Padre di questo eterno e quasi etereo complesso: Don Raimondo di Sangro. Alchimista esoterico di fama, neanche ha potuto rendersene conto, ma è riusciuto nell’unica cosa in cui credeva di non essere riuscito: l’immortalità. Numerose sono infatti le leggende circa i suoi esperimenti per la scoperta della resurrezione e la vita eterna, e i corpi dei suoi due servi, situati al piano inferiore della cappella, ne sono un esempio: studio dell’anatomia umana attraverso scheletri veri e vasi e capillari reali induriti con l’iniezione di particolari antidoti. Si crede addirittura che per ottenere tale risultato i corpi dei due sventurati dovessero essere ancora vivi (il segno profondo di una corda sul polso di uno dei due scheletri sembrerebbe confermare tale tesi). E secondo un’altra leggenda, la cosiddetta leggenda nera, si spiegherebbe proprio la morte dell’alchimista: egli avrebbe fatto tagliare il proprio corpo in tanti pezzi riposti poi in una scatola allo scopo di resuscitare, ma l’esperimento sarebbe andato a buon fine soltanto aspettando i tempi giusti; la sua famiglia però aprì la scatola prima del tempo previsto e mai l’alchimista vinse la morte!

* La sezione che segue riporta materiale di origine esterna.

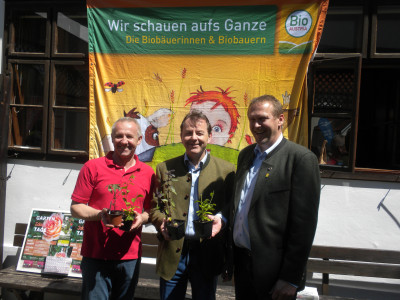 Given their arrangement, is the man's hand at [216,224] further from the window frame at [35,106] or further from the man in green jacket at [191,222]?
the window frame at [35,106]

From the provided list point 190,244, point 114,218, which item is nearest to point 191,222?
point 190,244

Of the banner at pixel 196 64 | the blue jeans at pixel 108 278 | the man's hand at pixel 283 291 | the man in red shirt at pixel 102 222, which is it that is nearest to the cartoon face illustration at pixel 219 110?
the banner at pixel 196 64

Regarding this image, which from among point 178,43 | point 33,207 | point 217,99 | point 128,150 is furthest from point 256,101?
point 33,207

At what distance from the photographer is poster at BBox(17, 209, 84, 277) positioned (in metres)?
4.22

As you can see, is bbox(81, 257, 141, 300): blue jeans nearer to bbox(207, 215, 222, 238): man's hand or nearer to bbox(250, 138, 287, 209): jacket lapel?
bbox(207, 215, 222, 238): man's hand

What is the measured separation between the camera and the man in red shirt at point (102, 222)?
8.50 feet

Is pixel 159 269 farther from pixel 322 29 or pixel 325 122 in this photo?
pixel 322 29

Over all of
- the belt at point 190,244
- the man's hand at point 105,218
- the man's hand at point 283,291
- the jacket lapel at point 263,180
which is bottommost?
the man's hand at point 283,291

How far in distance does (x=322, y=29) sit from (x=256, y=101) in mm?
1981

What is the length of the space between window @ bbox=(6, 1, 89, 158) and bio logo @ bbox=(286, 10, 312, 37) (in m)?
2.32

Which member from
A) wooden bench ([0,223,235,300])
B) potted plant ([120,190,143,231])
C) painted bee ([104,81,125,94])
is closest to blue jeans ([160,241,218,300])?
potted plant ([120,190,143,231])

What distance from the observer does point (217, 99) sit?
419cm

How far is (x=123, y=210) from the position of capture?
252 centimetres

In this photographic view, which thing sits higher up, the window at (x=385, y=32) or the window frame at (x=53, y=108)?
the window at (x=385, y=32)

Quello che cattura però l’occhio in questa cappella è senza alcun dubbio la statua del Sammartino Il Cristo Velato. Il peso del marmo si carica del solo peso di quel corpo privo di vita; si carica della sua sofferenza, di quell’ultimo suo respiro; e il velo, quel finto velo, gli conferisce tutta la leggerezza che effettivamente non ha. A riguardo si narra nuovamente una curiosa leggenda: Raimondo di Sangro accecò il Sammartino per evitare che egli potesse realizzare opere di pari o superiore incanto.

Cristo Velato

Ad ogni modo la fortuna di piazza San Domenico è dovuta alla sua centralità: da qui sono, infatti, facilemente raggiungibili le vie principali come via Dei Tribunali, via San Sebastiano, ovvero la strada degli strumenti musicali (per la presenza di numerosissime botteghe specializzate), piazza del Gesù, San Gregorio Armeno e via Mezzocannone con i relativi istituti universitari, della Federico II e dell’Orientale, e i diversi musei, purtroppo non molto conosciuti, come quello zoologico, mineralogico ed antropologico.

Via Mezzocannone, di sera, non esclusivamente nel fine settimana, si anima di anime alla ricerca di musica e divertimento, o anche semplicemente alla ricerca di una birra in compagnia; quasi come fossero in processione, le anime napoletane si spostano automaticamente da Piazza Bellini, prima tappa di questo tour serale, passando per San Domenico Maggiore, e facendo una breve sosta, proprio in via Mezzocannone, alla Mensa Occupata, qualora fossero stati organizzati eventi; altrimenti proseguono verso piazzetta orientale che, tra Kesté, baretti, venditori di caramelle e birre a prezzi ridotti, offre la possibilità di una serata tanto cheap quanto piacevole.

Non resta che organizzare, insieme alla propria famiglia o agli amici più stretti, una bella giornata fuori casa; una domenica o un sabato magari, alla scoperta di una bella città, magari la propria, tra chiese, piccoli musei, cappelle e negozi di giorno, e concerti, baretti, cibi e bevande economiche di sera!